The tribe, meanwhile has filed suit against the state, declaring the compact was voided because the Division of Pari-Mutuel Wagering approved games similar to Ultimate Texas Hold’em, Pai Gow Poker, and War. Pari-mutuels have argued the games pit player against player and thus are OK under current laws because they are classified as poker.
An agreement between the state and the Seminoles is only one step, though, Geller notes. The U.S. Department of Interior still must review compacts and agree that the tribes are receiving an adequate benefit for the money they are paying. Under the Obama administration, the department has been viewed as more Indian-friendly and has been more likely to reject compacts.
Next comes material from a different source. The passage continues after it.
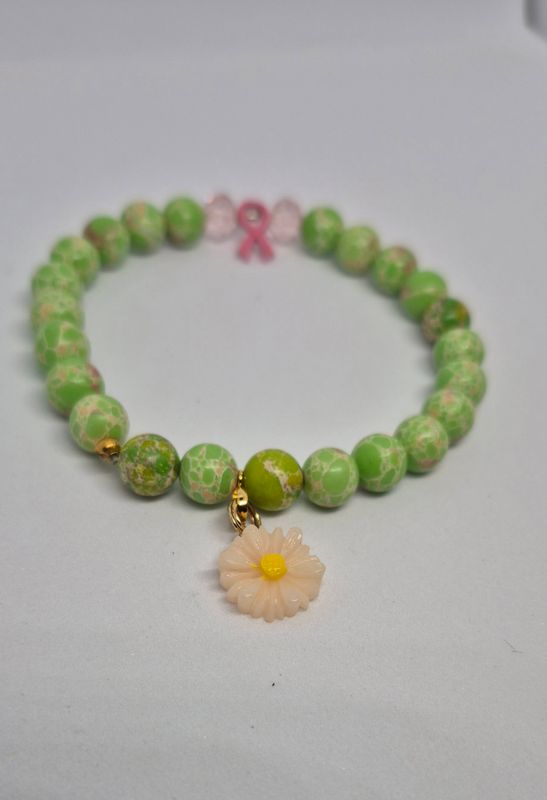 Unique Cancer Awareness Stretch Bracelet – Flowered Accent for Strength &amp; Hope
Geller also points to the legislative makeup as being more promising this year, especially because Sen. Bill Galvano, who helped negotiate the first compact, will be able to devote more attention to the issue, having been occupied with reapportionment last session.
“He understands it probably better than anyone,” Geller said. “Having Bill’s full attention and involvement would clearly help to create a compact.”
And with the compact could come upgrades to South Florida racetrack casinos, such as a lower slot tax and the addition of blackjack. Legislators say those proposals on their own can’t pass but have a chance as part of an overall plan that includes more revenue from the Seminole.